Arm Lift: 1 Year Later

If you’ve followed my blog for any period of time, you’ve probably come to the conclusion that I’m a plastic surgery enthusiast. This is, however, out of necessity and not necessarily vanity. In the wake of losing 100-lbs I was left with so much loose skin I sometimes feel as though I’ll never be rid of it all and that my transformation will never be complete.

After a wonderful experience with my Tummy Tuck and Boob Job, (and incidentally, even though it wasn’t planned, my nose surgery) I was SO excited to have the skin from my upper arms cut off. I was completely fearless about it and honestly, was so anxious for the surgery that I kind of obsessed over it.

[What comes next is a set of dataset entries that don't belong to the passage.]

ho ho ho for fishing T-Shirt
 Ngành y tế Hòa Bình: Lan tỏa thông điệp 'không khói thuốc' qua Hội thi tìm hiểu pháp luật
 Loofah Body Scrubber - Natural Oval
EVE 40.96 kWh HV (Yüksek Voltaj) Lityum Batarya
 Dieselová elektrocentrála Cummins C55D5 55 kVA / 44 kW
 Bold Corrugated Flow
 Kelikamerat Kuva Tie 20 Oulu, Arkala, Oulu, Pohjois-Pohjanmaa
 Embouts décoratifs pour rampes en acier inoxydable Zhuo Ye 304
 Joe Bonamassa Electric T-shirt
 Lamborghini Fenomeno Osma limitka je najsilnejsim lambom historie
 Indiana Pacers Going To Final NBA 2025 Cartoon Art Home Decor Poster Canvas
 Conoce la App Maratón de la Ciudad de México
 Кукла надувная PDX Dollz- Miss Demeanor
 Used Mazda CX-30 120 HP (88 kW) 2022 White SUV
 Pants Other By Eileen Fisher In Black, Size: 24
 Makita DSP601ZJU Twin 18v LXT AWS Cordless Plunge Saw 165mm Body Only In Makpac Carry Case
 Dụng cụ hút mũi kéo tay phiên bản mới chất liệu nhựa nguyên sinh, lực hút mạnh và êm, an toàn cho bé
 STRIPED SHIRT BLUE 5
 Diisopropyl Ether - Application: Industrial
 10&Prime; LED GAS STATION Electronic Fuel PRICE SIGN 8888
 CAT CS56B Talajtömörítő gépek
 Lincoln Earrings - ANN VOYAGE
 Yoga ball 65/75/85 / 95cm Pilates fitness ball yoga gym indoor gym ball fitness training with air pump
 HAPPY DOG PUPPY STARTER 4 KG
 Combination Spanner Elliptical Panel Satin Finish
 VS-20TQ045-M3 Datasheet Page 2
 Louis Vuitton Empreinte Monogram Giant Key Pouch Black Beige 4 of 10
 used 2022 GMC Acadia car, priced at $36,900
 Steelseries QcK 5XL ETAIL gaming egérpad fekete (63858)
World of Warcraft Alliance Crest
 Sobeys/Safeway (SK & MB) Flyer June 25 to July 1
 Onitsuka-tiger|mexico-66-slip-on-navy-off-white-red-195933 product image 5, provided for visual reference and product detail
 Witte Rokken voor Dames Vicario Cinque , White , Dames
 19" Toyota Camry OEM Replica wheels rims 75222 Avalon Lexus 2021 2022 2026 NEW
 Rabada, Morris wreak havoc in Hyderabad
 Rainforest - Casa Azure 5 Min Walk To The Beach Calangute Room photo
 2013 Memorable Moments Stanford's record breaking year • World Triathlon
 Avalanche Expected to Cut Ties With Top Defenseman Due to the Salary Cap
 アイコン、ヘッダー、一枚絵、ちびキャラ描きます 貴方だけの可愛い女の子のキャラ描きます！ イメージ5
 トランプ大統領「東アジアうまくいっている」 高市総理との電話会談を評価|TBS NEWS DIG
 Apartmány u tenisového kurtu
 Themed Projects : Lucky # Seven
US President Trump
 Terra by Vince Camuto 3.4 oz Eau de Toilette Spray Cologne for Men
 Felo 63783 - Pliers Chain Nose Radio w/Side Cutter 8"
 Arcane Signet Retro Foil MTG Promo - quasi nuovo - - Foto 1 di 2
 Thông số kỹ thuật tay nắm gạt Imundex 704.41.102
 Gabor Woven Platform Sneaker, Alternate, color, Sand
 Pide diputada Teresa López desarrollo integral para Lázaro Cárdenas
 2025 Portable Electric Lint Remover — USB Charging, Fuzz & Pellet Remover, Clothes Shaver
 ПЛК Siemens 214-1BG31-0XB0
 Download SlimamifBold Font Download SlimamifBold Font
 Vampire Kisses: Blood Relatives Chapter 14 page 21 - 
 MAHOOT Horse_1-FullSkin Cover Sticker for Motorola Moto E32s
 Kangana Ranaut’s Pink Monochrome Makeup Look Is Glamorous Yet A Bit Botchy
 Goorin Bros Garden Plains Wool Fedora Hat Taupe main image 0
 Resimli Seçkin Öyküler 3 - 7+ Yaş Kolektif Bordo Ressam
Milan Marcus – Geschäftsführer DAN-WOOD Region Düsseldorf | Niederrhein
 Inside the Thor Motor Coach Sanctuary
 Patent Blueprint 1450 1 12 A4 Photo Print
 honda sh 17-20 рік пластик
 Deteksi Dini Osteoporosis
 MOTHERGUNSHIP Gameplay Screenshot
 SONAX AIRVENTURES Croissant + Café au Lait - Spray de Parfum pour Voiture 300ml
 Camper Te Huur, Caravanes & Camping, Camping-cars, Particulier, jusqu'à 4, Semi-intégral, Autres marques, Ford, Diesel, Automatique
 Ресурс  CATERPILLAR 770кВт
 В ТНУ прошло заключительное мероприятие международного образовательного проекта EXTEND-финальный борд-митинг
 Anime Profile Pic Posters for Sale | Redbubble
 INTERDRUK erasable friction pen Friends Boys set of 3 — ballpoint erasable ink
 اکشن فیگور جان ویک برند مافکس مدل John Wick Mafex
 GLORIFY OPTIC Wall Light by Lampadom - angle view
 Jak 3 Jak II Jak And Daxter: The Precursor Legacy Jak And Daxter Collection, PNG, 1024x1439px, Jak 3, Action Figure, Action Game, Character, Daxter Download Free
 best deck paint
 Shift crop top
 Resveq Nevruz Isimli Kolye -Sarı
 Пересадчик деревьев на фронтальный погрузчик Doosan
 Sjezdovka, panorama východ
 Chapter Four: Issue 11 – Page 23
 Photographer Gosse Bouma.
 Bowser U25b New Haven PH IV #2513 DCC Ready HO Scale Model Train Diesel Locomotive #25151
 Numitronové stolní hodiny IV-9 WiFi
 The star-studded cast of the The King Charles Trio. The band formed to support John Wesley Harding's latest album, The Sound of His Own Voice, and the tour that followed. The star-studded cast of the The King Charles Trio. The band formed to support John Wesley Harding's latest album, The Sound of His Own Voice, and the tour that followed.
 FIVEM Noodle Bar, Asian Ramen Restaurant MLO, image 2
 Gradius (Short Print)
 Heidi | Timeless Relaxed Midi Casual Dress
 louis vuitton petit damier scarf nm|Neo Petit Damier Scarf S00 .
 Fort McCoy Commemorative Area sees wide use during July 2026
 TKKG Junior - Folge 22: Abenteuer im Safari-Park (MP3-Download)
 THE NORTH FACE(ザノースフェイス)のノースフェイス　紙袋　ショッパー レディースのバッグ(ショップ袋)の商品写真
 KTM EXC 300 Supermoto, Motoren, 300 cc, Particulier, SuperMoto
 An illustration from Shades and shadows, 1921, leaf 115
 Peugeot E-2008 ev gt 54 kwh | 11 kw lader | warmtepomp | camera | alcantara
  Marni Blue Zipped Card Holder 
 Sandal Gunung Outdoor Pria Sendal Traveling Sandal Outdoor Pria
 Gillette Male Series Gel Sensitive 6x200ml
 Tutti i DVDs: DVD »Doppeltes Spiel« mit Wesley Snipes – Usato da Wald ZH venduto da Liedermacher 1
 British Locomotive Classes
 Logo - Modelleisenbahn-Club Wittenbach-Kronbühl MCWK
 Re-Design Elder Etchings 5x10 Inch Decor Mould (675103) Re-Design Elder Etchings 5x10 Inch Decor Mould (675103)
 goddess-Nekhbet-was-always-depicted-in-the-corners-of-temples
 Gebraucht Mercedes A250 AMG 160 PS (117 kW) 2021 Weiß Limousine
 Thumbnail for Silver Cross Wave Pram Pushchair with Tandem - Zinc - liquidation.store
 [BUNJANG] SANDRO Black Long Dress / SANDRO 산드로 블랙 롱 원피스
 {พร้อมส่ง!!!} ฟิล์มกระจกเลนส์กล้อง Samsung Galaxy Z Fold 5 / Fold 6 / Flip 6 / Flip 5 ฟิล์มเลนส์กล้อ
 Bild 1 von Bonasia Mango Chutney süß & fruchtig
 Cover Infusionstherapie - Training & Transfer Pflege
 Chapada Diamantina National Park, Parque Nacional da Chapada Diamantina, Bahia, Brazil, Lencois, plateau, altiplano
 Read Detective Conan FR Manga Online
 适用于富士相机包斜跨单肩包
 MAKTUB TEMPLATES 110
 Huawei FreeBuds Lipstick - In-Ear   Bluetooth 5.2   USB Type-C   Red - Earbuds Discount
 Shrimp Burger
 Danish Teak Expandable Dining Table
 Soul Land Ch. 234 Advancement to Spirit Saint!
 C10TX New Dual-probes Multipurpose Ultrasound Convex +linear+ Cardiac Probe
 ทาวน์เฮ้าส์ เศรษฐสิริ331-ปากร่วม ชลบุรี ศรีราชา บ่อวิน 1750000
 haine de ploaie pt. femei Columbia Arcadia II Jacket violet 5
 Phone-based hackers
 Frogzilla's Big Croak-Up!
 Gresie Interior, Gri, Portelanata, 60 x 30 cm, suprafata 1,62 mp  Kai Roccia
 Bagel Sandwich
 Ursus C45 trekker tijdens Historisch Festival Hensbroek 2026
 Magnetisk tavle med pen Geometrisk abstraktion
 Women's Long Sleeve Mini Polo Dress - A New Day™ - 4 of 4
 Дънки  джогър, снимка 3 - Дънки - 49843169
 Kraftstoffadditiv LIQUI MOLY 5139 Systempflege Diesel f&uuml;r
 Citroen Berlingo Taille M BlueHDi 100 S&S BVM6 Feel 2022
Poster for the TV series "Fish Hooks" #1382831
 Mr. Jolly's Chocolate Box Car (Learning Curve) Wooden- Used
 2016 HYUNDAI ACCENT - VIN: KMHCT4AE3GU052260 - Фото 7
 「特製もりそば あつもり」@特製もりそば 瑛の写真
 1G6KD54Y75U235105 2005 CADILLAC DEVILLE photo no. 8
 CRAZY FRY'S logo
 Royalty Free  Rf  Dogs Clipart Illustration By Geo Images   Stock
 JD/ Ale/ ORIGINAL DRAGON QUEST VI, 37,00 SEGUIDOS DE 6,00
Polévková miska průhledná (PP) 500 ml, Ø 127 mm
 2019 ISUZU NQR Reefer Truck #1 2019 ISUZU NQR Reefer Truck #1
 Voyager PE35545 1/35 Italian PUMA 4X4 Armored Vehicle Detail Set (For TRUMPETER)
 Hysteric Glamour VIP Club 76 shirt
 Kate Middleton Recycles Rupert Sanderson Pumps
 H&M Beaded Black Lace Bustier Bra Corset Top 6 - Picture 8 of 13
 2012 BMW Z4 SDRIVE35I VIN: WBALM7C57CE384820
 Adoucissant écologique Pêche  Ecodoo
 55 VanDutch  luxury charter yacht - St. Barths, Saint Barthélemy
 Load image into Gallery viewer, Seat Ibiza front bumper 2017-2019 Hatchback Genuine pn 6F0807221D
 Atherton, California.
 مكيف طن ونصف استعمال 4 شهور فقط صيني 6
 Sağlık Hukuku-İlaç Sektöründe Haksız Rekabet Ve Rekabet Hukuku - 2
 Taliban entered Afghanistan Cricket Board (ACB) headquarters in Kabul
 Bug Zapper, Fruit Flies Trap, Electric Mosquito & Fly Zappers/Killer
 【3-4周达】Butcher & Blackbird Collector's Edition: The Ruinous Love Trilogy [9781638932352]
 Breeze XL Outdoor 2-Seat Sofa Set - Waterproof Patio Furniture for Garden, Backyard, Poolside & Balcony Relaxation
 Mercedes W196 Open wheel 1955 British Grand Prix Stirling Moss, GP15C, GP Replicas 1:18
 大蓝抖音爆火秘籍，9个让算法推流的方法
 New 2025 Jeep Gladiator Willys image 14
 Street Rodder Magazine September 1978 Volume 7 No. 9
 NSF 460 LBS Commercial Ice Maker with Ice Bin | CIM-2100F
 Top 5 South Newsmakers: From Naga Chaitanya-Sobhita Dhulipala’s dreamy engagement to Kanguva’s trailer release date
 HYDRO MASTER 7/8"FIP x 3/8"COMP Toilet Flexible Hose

Financially, the tummy tuck took a lot out of me. Other “life’s a B!tch” finances happened too and, well, it had to be put on the back-burner. It would be 5 years in between surgeries before we could finally afford to take the plunge and schedule the surgery I’d been dreaming about for years. On September 17, 2015 I checked in for my 3rd (but not my last…) cosmetic procedure.

The Surgery

20150917_065639
hai

I was seriously so excited I couldn’t stand it! Here I am all prepped and ready to go with my leg compression thigh highs (they were actually crotch highs…), my footies, cap, and gown. All that’s left is my IV for anesthesia and for Dr. Bergman to come in and mark my arms. I was waiting oh so impatiently.

20150917_070924
Finally ready to be wheeled in!

We checked in at 6:30 am and my surgery was at 8:00. By noon, I was out of the recovery room.

20150917_114747

I’ve had enough surgeries now to know how my body copes/recovers. I’m always very nauseous afterward. I usually will go a day or 2 without eating much more than a handful of crackers and some Sprite. Is this normal? I don’t know. All I know is it’s normal for me.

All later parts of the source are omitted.